> **WHAT NEEDS TO BE DONE**:
Transcribe only the stretch of lines that opens with the line containing "Barbell curl" and closes with the last line of the listing, skipping pictures.

> **GIVEN INFORMATION**:

###

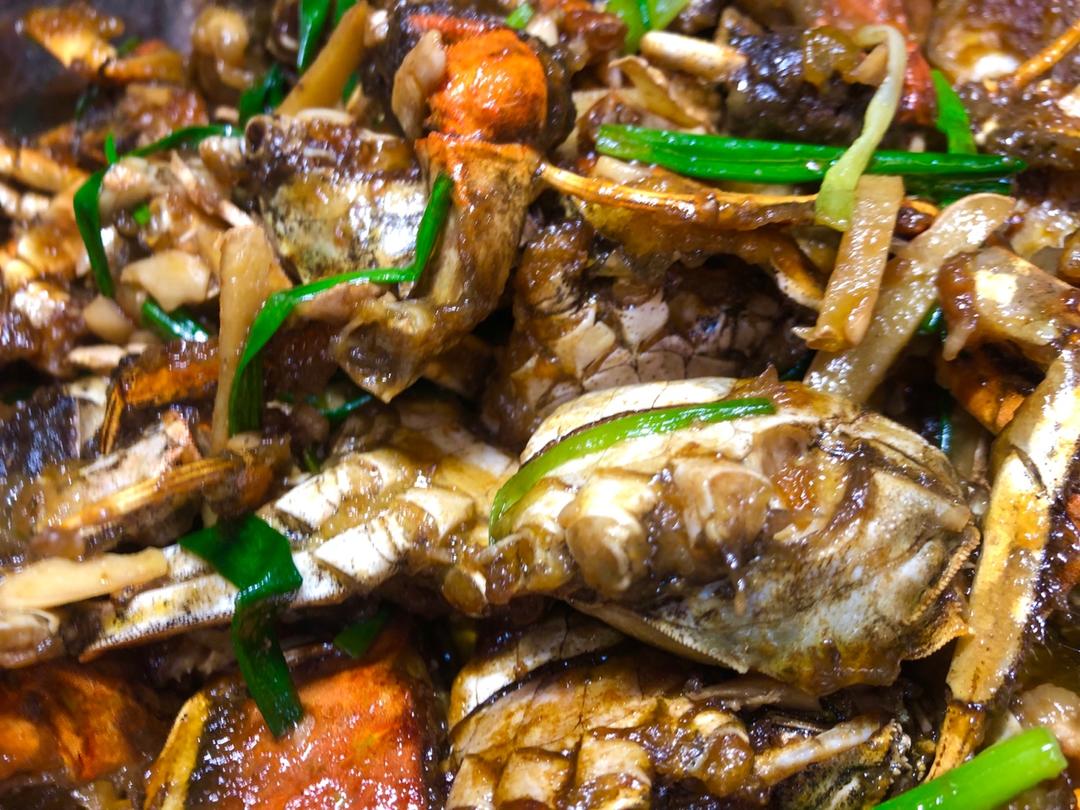 葱姜炒梭子蟹（very easy）
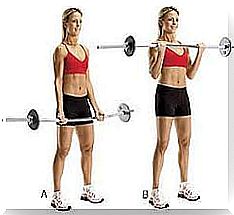 Barbell curl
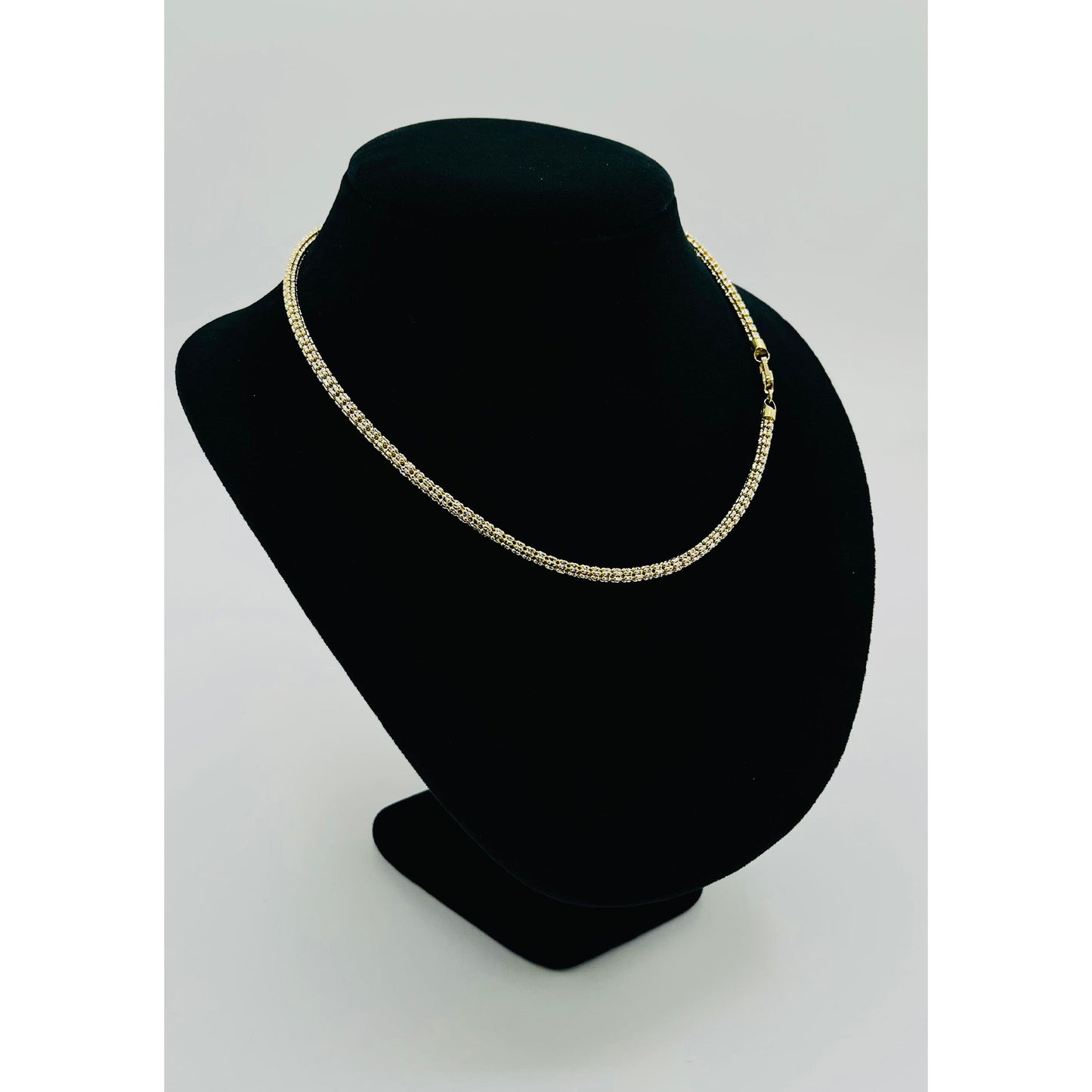 14K Yellow Gold Moon Ice Chain (18" inches 3.8MM)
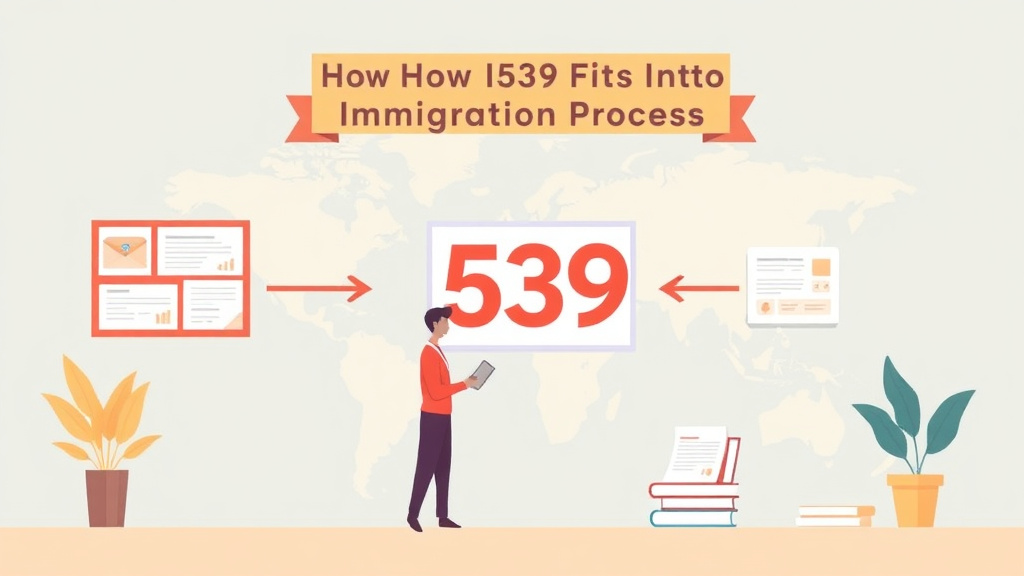 Clear illustration of how I-539 Fits Into the Immigration Process with supporting details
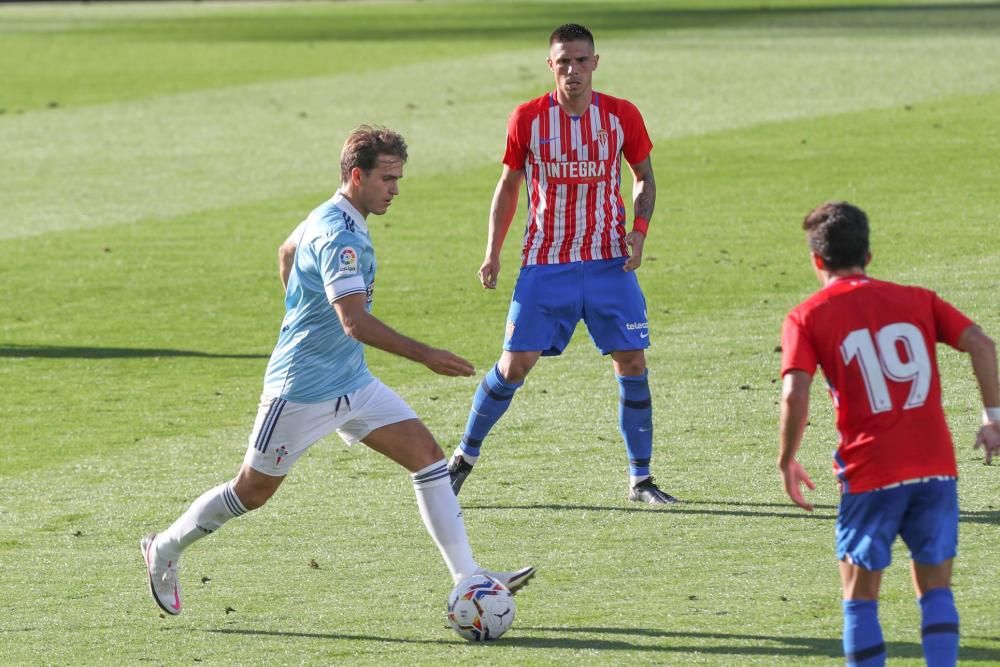 El Celta empata en el último test antes de LaLiga. // Ricardo Grobas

###

> **ANSWER BOX**:
 Barbell curl
 14K Yellow Gold Moon Ice Chain (18" inches 3.8MM)
 Clear illustration of how I-539 Fits Into the Immigration Process with supporting details
 El Celta empata en el último test antes de LaLiga. // Ricardo Grobas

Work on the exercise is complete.